● SOURCE DATA

☆ ☆ ☆ ☆ ☆

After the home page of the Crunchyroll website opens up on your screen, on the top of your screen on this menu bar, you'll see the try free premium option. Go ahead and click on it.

☆ ☆ ☆ ☆ ☆

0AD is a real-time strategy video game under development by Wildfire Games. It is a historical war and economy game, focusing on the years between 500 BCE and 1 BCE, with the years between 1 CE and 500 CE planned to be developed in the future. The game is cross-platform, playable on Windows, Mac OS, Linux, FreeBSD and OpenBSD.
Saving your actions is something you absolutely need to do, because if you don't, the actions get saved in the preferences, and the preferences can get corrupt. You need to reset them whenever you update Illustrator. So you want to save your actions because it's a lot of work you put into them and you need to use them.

☆ ☆ ☆ ☆ ☆

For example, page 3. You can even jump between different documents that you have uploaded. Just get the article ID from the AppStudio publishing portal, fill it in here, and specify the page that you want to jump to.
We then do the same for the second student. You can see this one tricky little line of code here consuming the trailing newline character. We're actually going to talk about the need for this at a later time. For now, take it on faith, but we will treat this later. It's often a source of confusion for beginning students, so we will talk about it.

☆ ☆ ☆ ☆ ☆

● PROBLEM TO SOLVE
Taking the entries above, write out exactly each line from the one holding "For example, page" to the one holding "We then do the", both included, and stop there.

● REPLY TO THE TASK
For example, page 3. You can even jump between different documents that you have uploaded. Just get the article ID from the AppStudio publishing portal, fill it in here, and specify the page that you want to jump to.
We then do the same for the second student. You can see this one tricky little line of code here consuming the trailing newline character. We're actually going to talk about the need for this at a later time. For now, take it on faith, but we will treat this later. It's often a source of confusion for beginning students, so we will talk about it.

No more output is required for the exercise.